Captioned web images:
++++
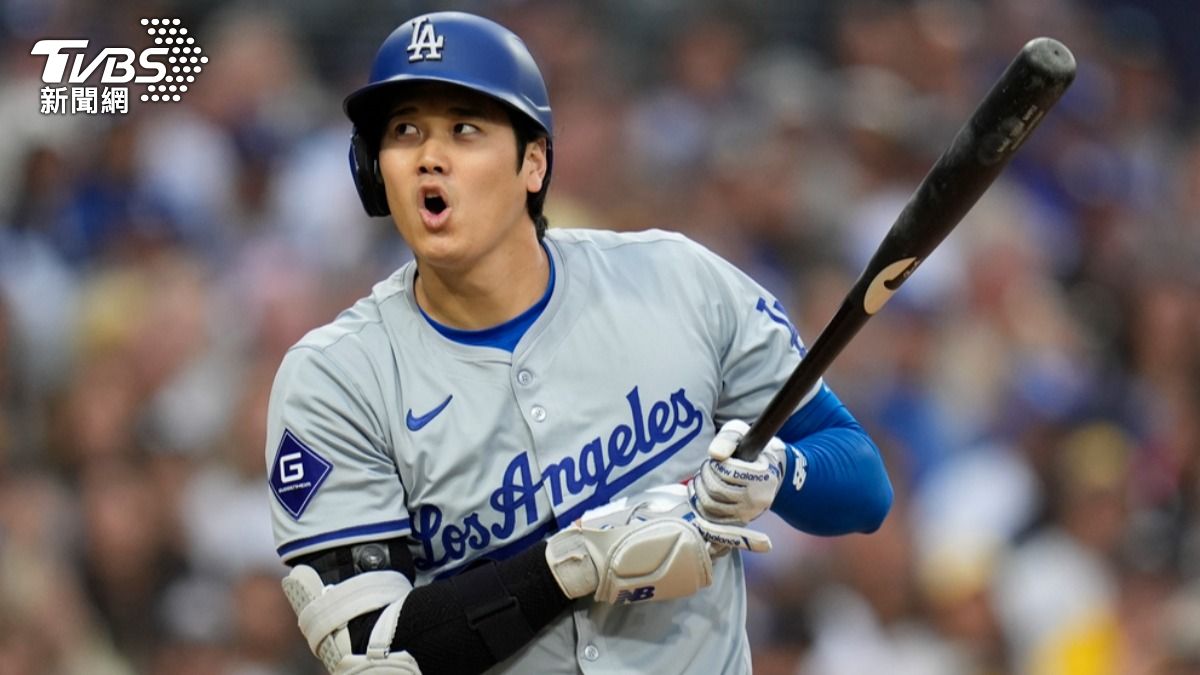 大谷翔平在今日的比賽中感到腰部緊繃，於第五打席換代打上場。（圖／達志影像美聯社）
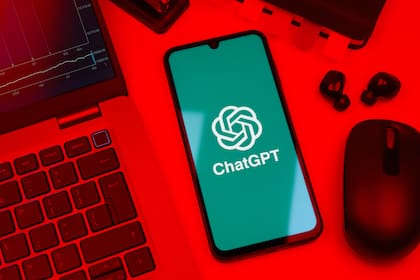 OpenAI se declara en "código rojo" y priorizará mejorar ChatGPT para frenar la presión de sus competidores como Google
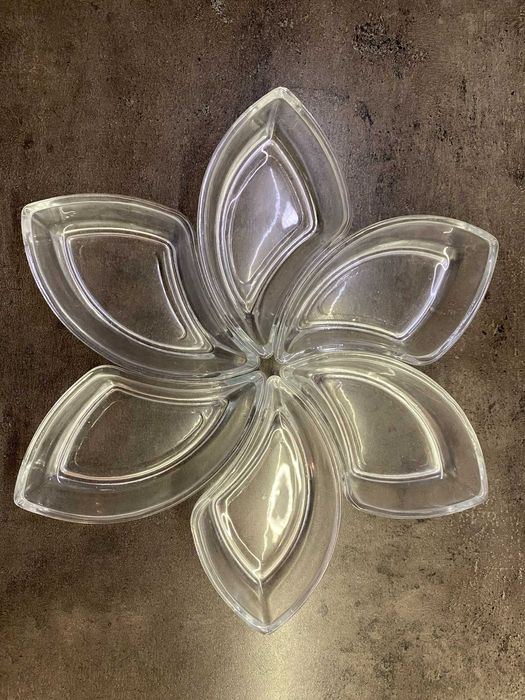 Стъклена чиния за ордьовър от 6 части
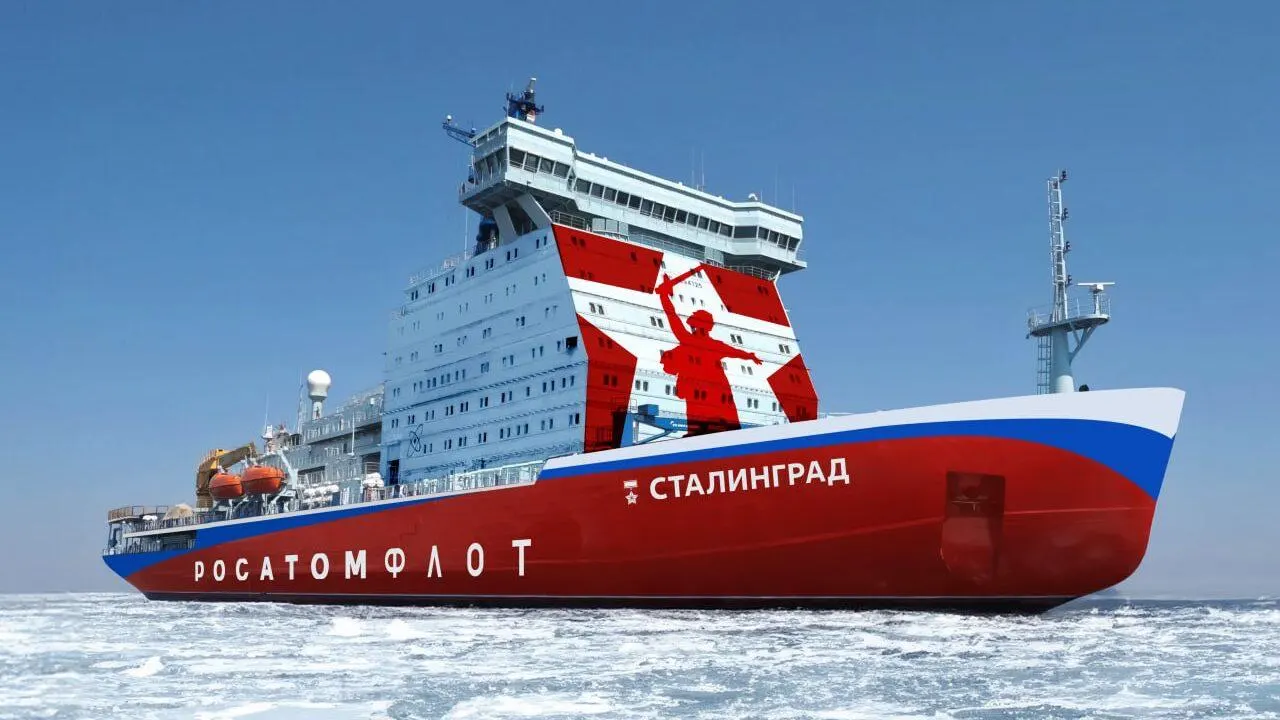 Власти рассматривают введение портового сбора или платы за тонну на Северном морском пути, чтобы докапитализировать строительство ледоколов «Ленинград» и «Сталинград» — возможные поступления оцениваются в сотни миллиардов рублей.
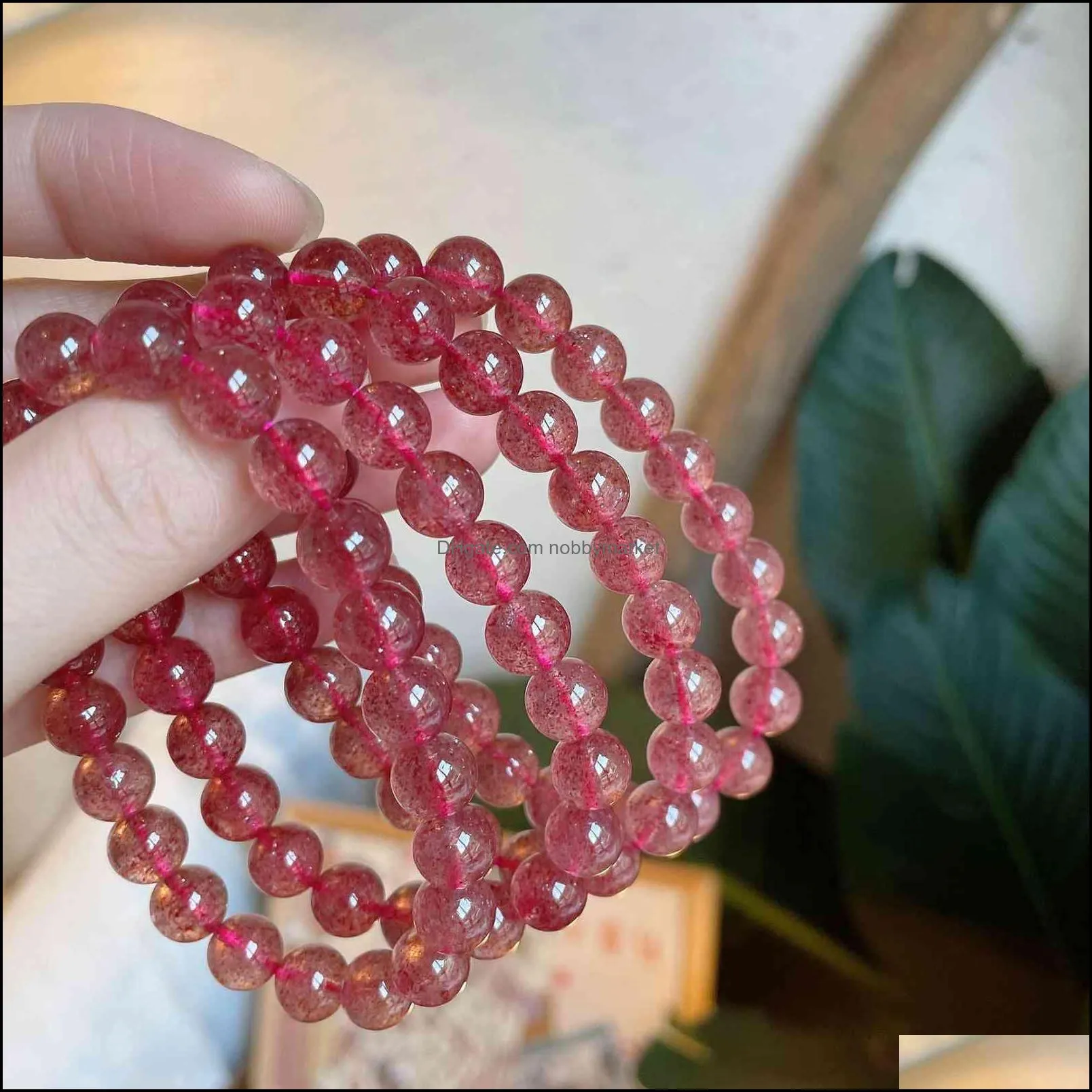 Xiaoling strawberry crystal lady Russian pigeon blood red 7a natural Crystal Bracelet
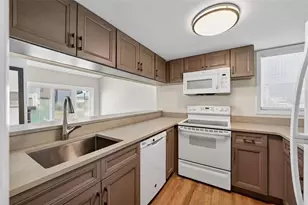 1051 S Highland St, Mount Dora, FL 32757 - Photo 32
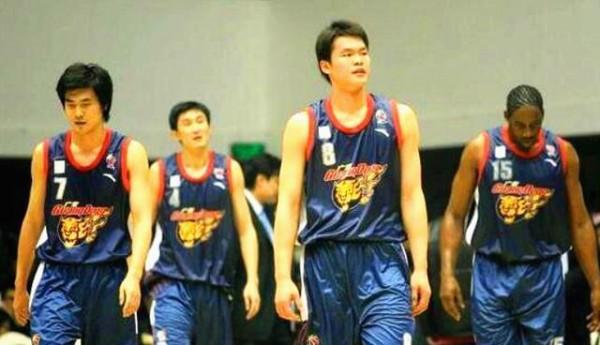 長文 | 中國籃球兩位名宿，李楠和朱芳雨，誰的生涯成就更高？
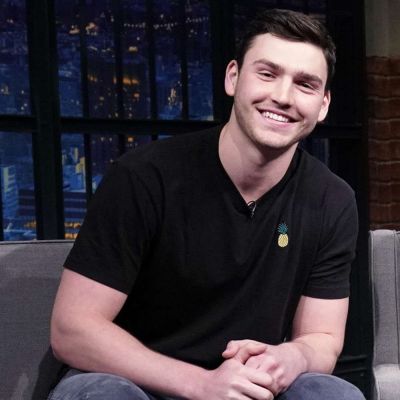 Charlie Hall- Wiki, Age, Height, Net Worth, Girlfriend (Updated on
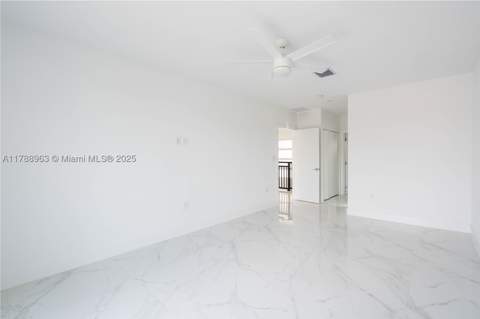 910 SW 24th Rd, Miami FL - photo 20 of 38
++++
▶ [Brief] Leaving out the pictures, print exactly and only the lines from the one containing "Xiaoling strawberry crystal" through the last line of the records.

▶ [Finished task]
 Xiaoling strawberry crystal lady Russian pigeon blood red 7a natural Crystal Bracelet
 1051 S Highland St, Mount Dora, FL 32757 - Photo 32
 長文 | 中國籃球兩位名宿，李楠和朱芳雨，誰的生涯成就更高？
 Charlie Hall- Wiki, Age, Height, Net Worth, Girlfriend (Updated on
 910 SW 24th Rd, Miami FL - photo 20 of 38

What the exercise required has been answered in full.